Irã e Estados Unidos encerram negociações em Genebra com avanços, mas sem acordo

A nova rodada de negociações entre Irã e Estados Unidos terminou em Genebra com sinais de progresso, mas ainda distante de um acordo definitivo. Diplomatas dos dois países passaram o dia em reuniões intensas, reforçando o interesse mútuo em buscar uma solução diplomática para as tensões envolvendo o programa nuclear iraniano.

Entre os principais pontos de divergência está a exigência de Washington para que Teerã abandone o enriquecimento de urânio, ou limite a atividade a níveis voltados exclusivamente para fins médicos e civis. Os Estados Unidos também defendem o encerramento do programa de mísseis iraniano e o fim do apoio a grupos armados como o Hezbollah e o Hamas.

Por outro lado, o governo iraniano considera essas exigências uma ameaça direta à sua soberania. Autoridades do país afirmam que o direito de enriquecer urânio está garantido por acordos internacionais e que abrir mão desse programa comprometeria a segurança nacional e a estabilidade do regime.

Enquanto as negociações seguem sem consenso, os Estados Unidos ampliaram sua presença militar na região com o envio de uma dúzia de caças F-22, aeronaves de alta tecnologia com capacidade de realizar ataques aéreos e terrestres com baixa detecção por radares. A medida é vista como uma forma de pressionar diplomaticamente e reforçar a prontidão militar diante do impasse.

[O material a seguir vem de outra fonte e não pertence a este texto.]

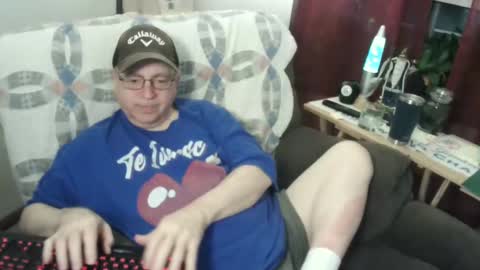 Snapshot of jpmel99 chatting on January 19, 4:12 am jpmel99 online show from January 19, 4:12 am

O cenário também preocupa a população americana. Uma pesquisa recente apontou que 48% dos cidadãos dos Estados Unidos estão muito ou extremamente preocupados com o programa nuclear iraniano representar uma ameaça direta ao país.

Analistas internacionais alertam que, sem um acordo, o impasse pode evoluir para um conflito mais amplo. Especialistas comparam o risco a situações anteriores no Oriente Médio, onde confrontos inicialmente previstos como rápidos se transformaram em guerras prolongadas, aumentando a instabilidade na região e no cenário global.